When there are more software threads than hardware threads, the
operating system typically resorts to round robin scheduling. The
scheduler gives each software thread a short turn, called a time slice,
to run on one of the hardware threads.
When a software thread's time slice runs out, the scheduler
preemptively suspends the thread in order to run another software
thread on the same hardware thread. The software thread freezes in time
until it gets another time slice.
Time slicing ensures that all software threads make some progress.
Otherwise, some software threads might hog all the hardware threads and
starve other software threads. However, this equitable distribution of
hardware threads incurs overhead. When there are too many software
threads, the overhead can severely degrade performance. There are
several kinds of overhead, and it helps to know the culprits so you can
spot them when they appear.
Thread register
state. The most obvious overhead is the process of saving and
restoring a thread's register state. Suspending a software thread
requires saving the register values of the hardware thread, so the
values can be restored later, when the software thread resumes on its
next time slice. Typically, thread schedulers allocate big enough time
slices so that the save/restore overheads for registers are
insignificant, so this obvious overhead is in fact not much of a
concern.
A more subtle overhead of time slicing is saving and restoring a
thread's cache state.
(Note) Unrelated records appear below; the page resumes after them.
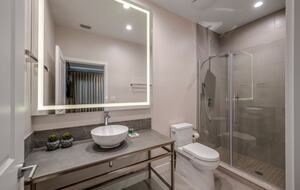 Luxury Townhome with Private Hot Tub Near Disney - Kissimmee, Florida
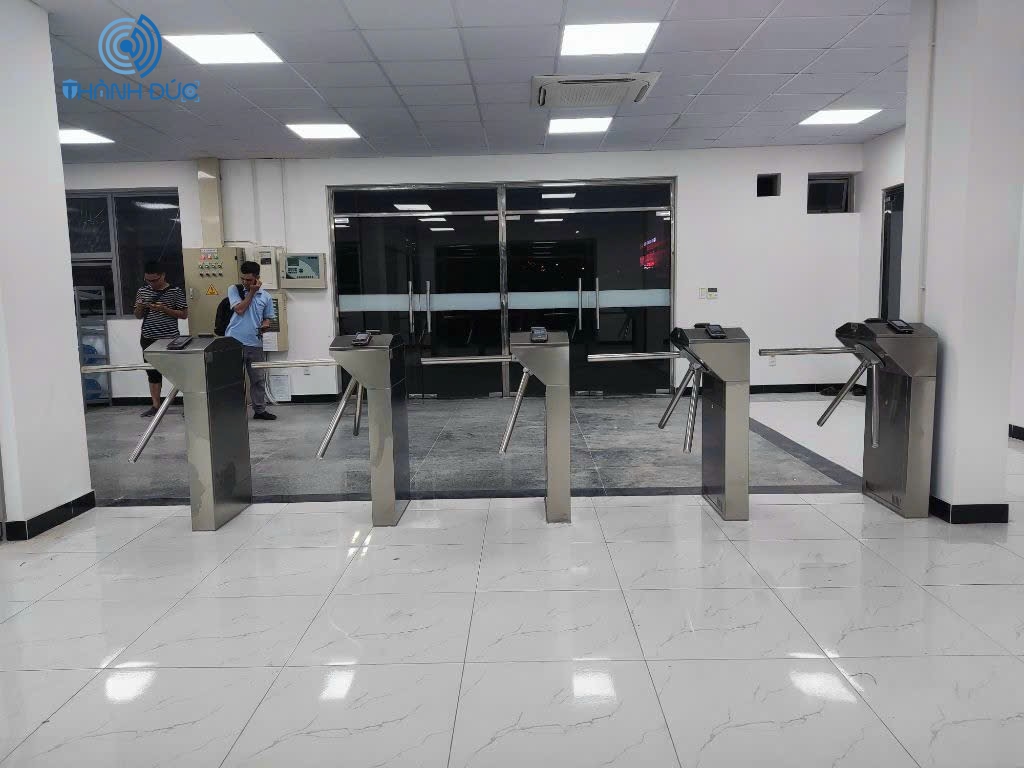 Địa chỉ mua cổng xoay 3 càng tại Quận 7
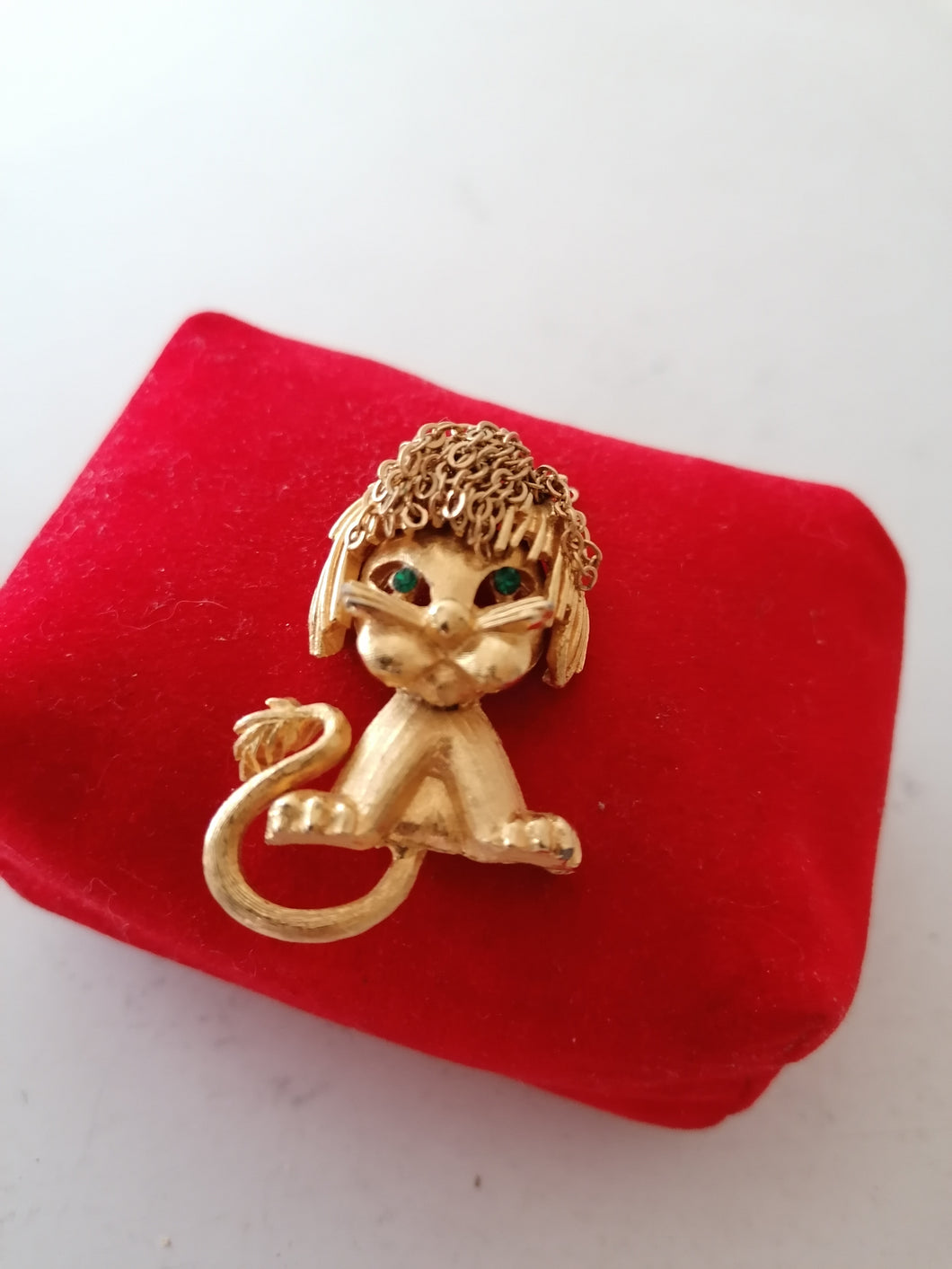 Manolf broche bornage lion ou chat doré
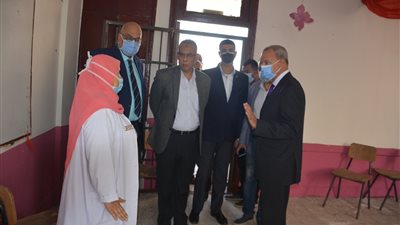 محافظ القليوبية يتابع سير امتحانات الثانوية العامة في عدد من المدارس(صور) 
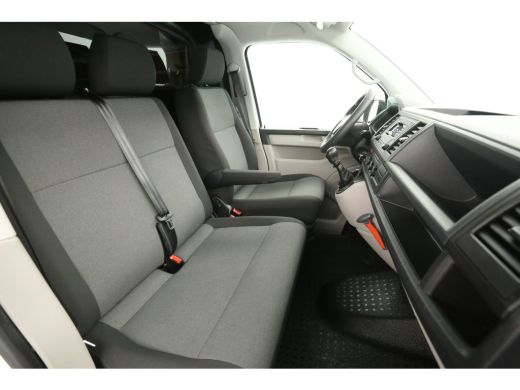 Volkswagen Transporter 2.0 TDI L2H1 140PK | Airco | Cruise | Trekhaak | 3 Zits | Sidebars ActivLease financial lease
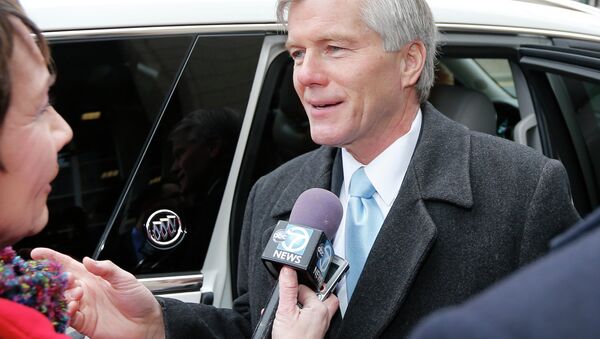 Former Virginia Gov. Bob McDonnell arrives at federal court for sentencing in Richmond, Va., Tuesday, Jan. 6, 2015. McDonnell, once a top Republican prospect for national office, was convicted for selling the influence of his office to the CEO of a dietary supplements company. - Sputnik International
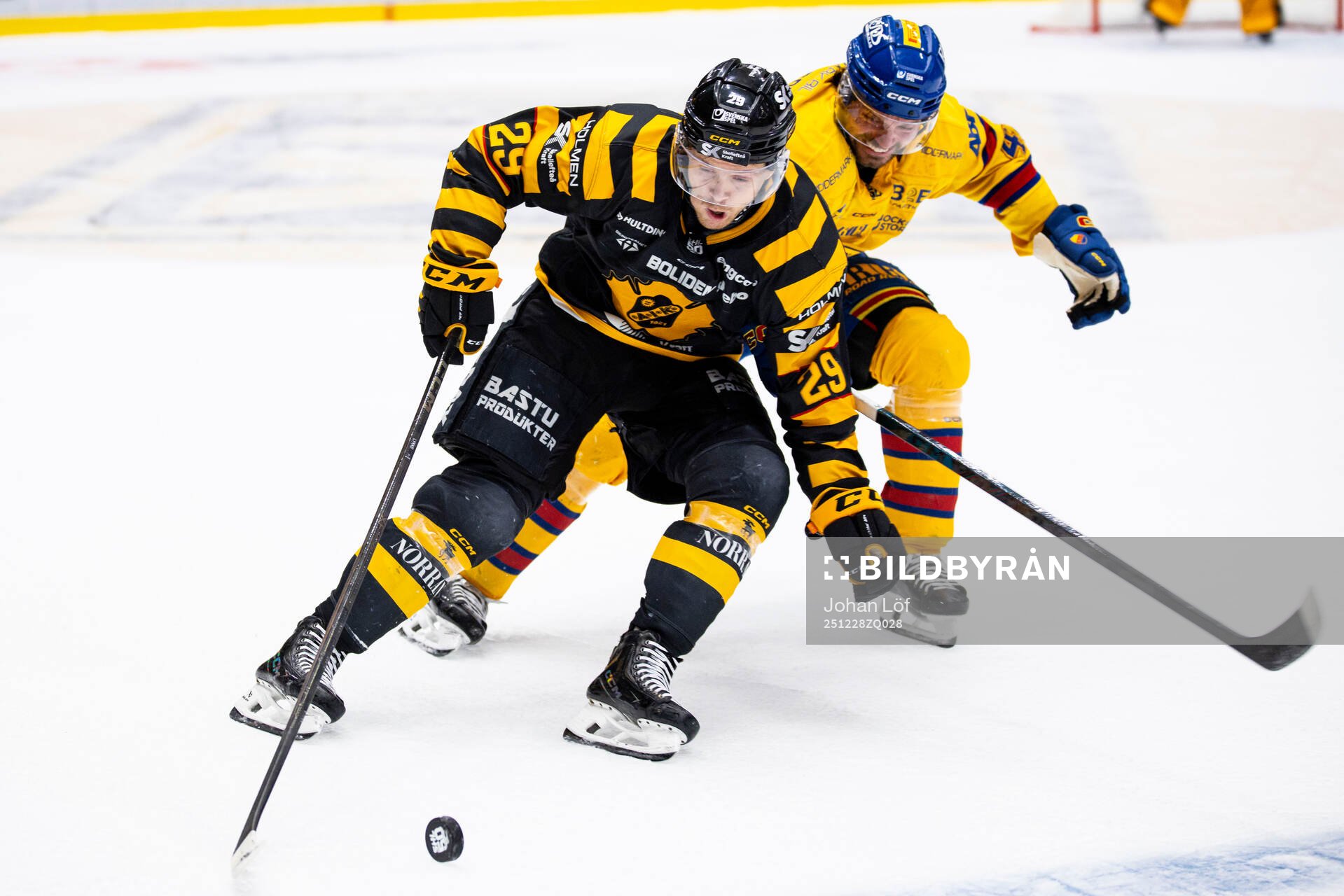 Skellefteås Mikkel Aagaard och Djurgårdens Jacob Josefson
Modern processors rely heavily on cache memory,
which can be about 10 to 100 times faster than main memory. Accesses
that hit in cache are not only much faster; they also consume no
bandwidth of the memory bus. Caches are fast, but finite.
When the cache is full, a processor must evict data from the cache
to make room for new data. Typically, the choice for eviction is the
least recently used data, which more often than not is data from an
earlier time slice. Thus threads tend to evict each other's data. The
net effect is that too many threads hurt performance by fighting each
other for cache.